Effects of the His1047Arg mutation on the structure of the enzyme. (A) Ribbon diagram showing the mutant enzyme's position relative to the modeled cell membrane. The two loops of the kinase domain that are predicted to contact the membrane are boxed. (B) Two loops (residues 864–874 and 1050–1062) change conformation and contact the cell membrane. Arg-1047 changes its orientation by 90° and points upward to the membrane. (C) Differences in conformation of loops 864–874 and 1050–1064 between WT (pink) and His1047Arg (light blue) structures. The electron density corresponding to residues 1047–1052 of the mutant structure is highlighted. (D) The enzymatic activity of WT and His1047Arg mutants of p110α was differentially regulated by membrane lipid composition. The activities of the WT and mutant enzymes were normalized to the activity measured with PS lipids; the unnormalized activity of the mutant with PS vesicles was 2.1-fold higher than that of the WT. The experiment was performed three times, with duplicate determinations for each experiment. The means (bars) and SDs (brackets) of one representative experiment are shown.

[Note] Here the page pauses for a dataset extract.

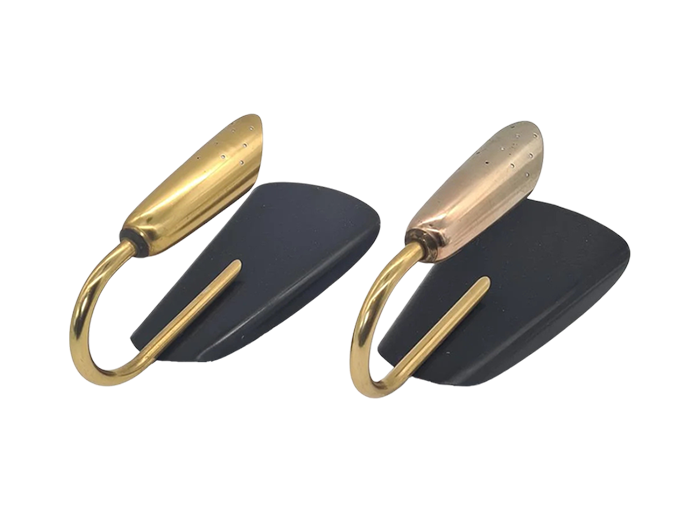 Modernist brass and aluminium wall lights, 1970s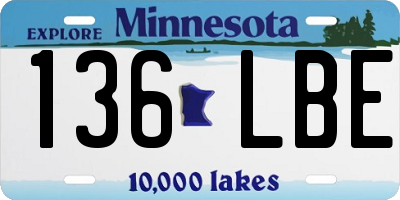 MN license plate 136LBE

Curiously, the WT p110γ protein contains an arginine at residue 1076 (corresponding to residue 1047 in p110α). This has suggested that p110γ can be regarded as a naturally occurring His1047Arg mutant (29). However, the structures presented here show that there are major differences between the catalytic domains of the His1047Arg mutant of p110α and the WT p110γ. Although the main chains of these two proteins are in close proximity, the two equivalent arginine residues point 180° from each other. Moreover, in p110γ, Arg-1076 occurs in a helix, whereas in p110α, Arg-1047 is located in a loop. Therefore, the structure of the kinase domain of the Arg-1047 mutant represents a unique oncogenic conformation, distinct from the WT p110α and from p110γ.
Enzymatic Activity Depends on Membrane Composition.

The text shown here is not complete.